The mast on the left is mounted on the top of the equipment shed or top of stairway.  If it is 21 feet above that point, then it meets the worksheet guideline.  The mast on the right is at the same radiation center height but is more than 21 feet from the highest point on the building, so it also meets the worksheet guidelines.  You can mount it lower, but an FM-MODEL should be done.  Also, you want to assure that no part of the antenna is within 20 feet of any human head on the top floor(s) of the building.  In this case, you can keep the staircase door to the roof locked and place a warning sign on the door.  NOTE: If the antenna is mounted in a way where a radiated portion of the antenna is within 20 feet of the stairway, then an FM-MODEL will need to show that at no point in the stairway does the exposure exceed 200. 

FM MODEL Result Example

In this example, all areas that are within 2.5 meters of the base of the tower does not meet the guidelines for controlled access.  This means that at all points that are within 2.5 meters to the base of the tower, the area must be protected by a fence with a locked gate or a locked door to prevent roof access except to authorized persons.  In addition, RF warning signs must be placed the point where access is controlled.

RF Warning Signs

Warning signs are placed on locations at the perimeter of any fencing or locked doors.  These signs are intended to describe the level of exposure within the designated area.  You may also (but not required to) place a sign on the tower structure itself.

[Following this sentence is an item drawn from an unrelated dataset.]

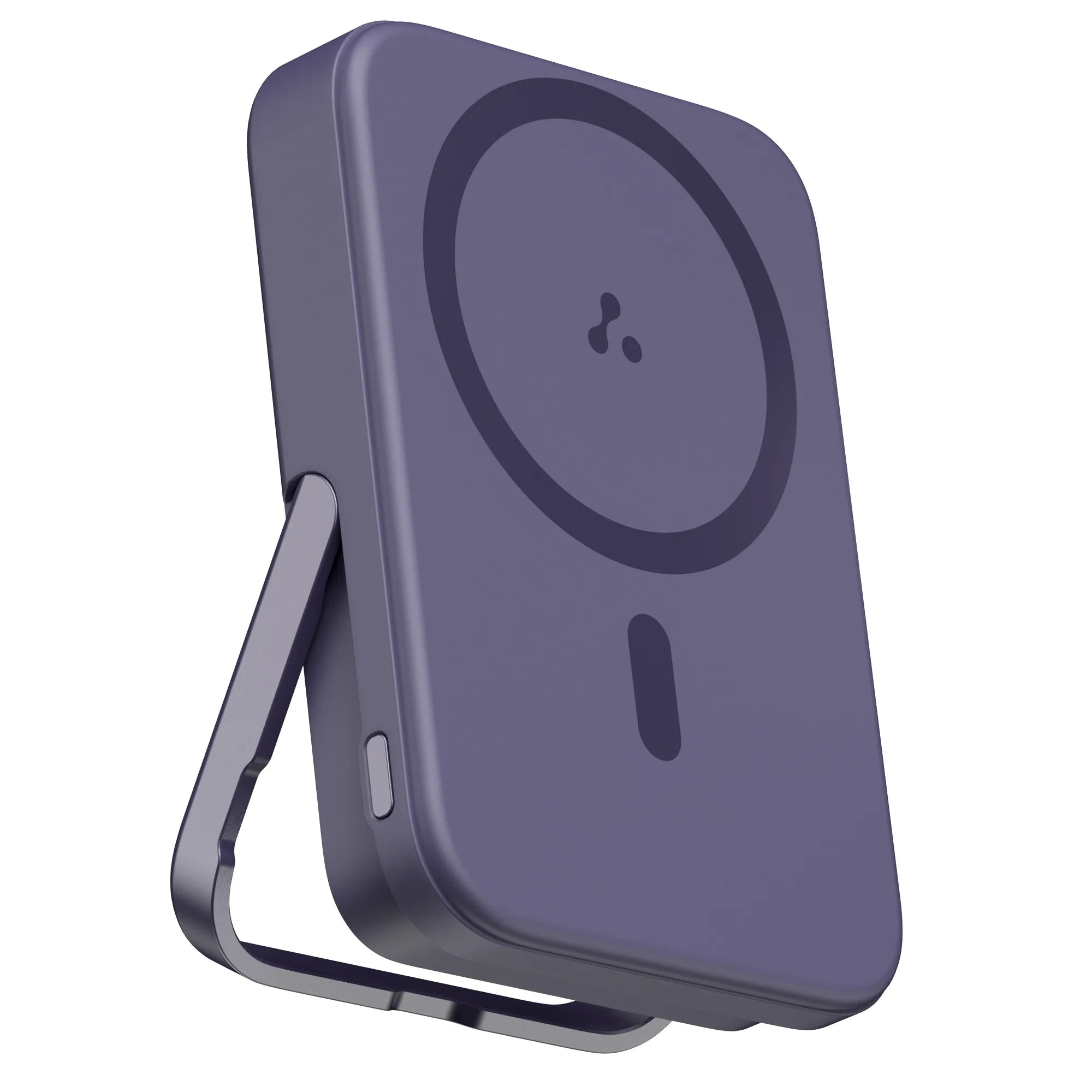 Lightweight mini power bank portable charger – Ambrane India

Signs must contain the following information:

  • RF energy advisory symbol.
  • Advisory level with appropriate text and background color and if necessary, the exclamation point icon in the color shown.
  • Description of the RF source (such as transmitting antennas).
  • Behavior necessary to avoid over-exposure (no admittance, authorized personnel only, etc.)
  • Up to date contact information (monitored phone number or email address connected to someone who can provide a prompt response).
Exposure (µW/cm2) RF Energy Advisory Symbol Message Message Colors
0~200  (The use of signage at 200 or less is totally optional) (none) INFORMATION White text on green background.


NOTICE White text on blue background.
>1000~10000 CAUTION Black text on yellow background.
>10000 WARNING Black text on red background.

LPFM installations made in accordance with the worksheet standards shown above do not require signage.  Installations made where an FM-MODEL study shows an exposure of 200 µW/cm2 or less at all points does not require any signs.  The use of the green "Information" sign is completely optional.